Renaissance man: Geraint Thomas on proving doubters wrong and making the most of his time left

'It’s hard when you’ve got two incredible guys like Vingegaard and Pogačar. You can’t just click your fingers and train a bit harder or eat a bit less' Welshman says as he talks Ineos, Giro-Tour and being the underdog

Clock15:12, Monday 13th November 2023
Geraint Thomas (Ineos Grenadiers) would welcome a return to the Giro d'Italia, Tour de France or both in 2024

Geraint Thomas (Ineos Grenadiers) would welcome a return to the Giro d'Italia, Tour de France or both in 2024

In 2021, for the briefest of moments, Geraint Thomas felt as though his career was petering towards a sad and underwhelming end.

A crash at the Tour de France had robbed him of his best-ever summer build-up, while another fall at the Olympic Games a few weeks later virtually ended his season in a competitive sense. Contract negotiations with Ineos Grenadiers had dragged on for months, with whispers within the upper echelons of the team management that the 2018 Tour winner was no longer the force he once was. In his mid-30s, and without a Grand Tour result in two years, Thomas’s career was on the precipice.

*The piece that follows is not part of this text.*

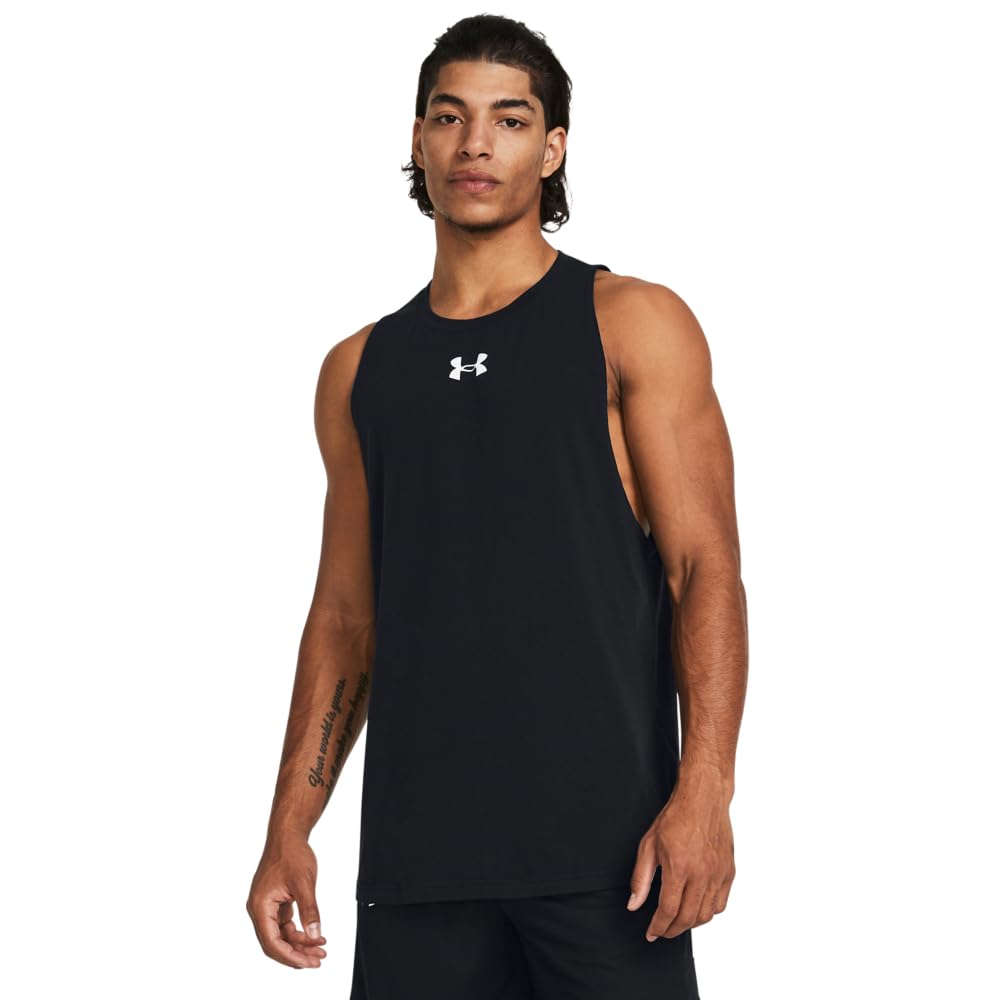 Under Armour Bez rękawów Mężczyźni Baseline Cotton Basketball Tank Top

“That was certainly the most difficult time in my career, in 2021,” he tells GCN from his home in Monaco during a lengthy interview.

“I had that crash early on in the Tour and it was really up and down. It was a shit race really but I had the best build-up I’d ever had, which was the ironic thing. Even around that time, pretty soon after the Tour, I started chatting to the team and they felt I was almost done in terms of leadership.

“Contract talks were ongoing and then I went to Tokyo for the Games thinking it would be different and a bit of a fresh start but I ended up crashing after 100km and falling on the same side I landed on at the Tour. I was just riding along and thinking ‘what have I done for this to happen’.”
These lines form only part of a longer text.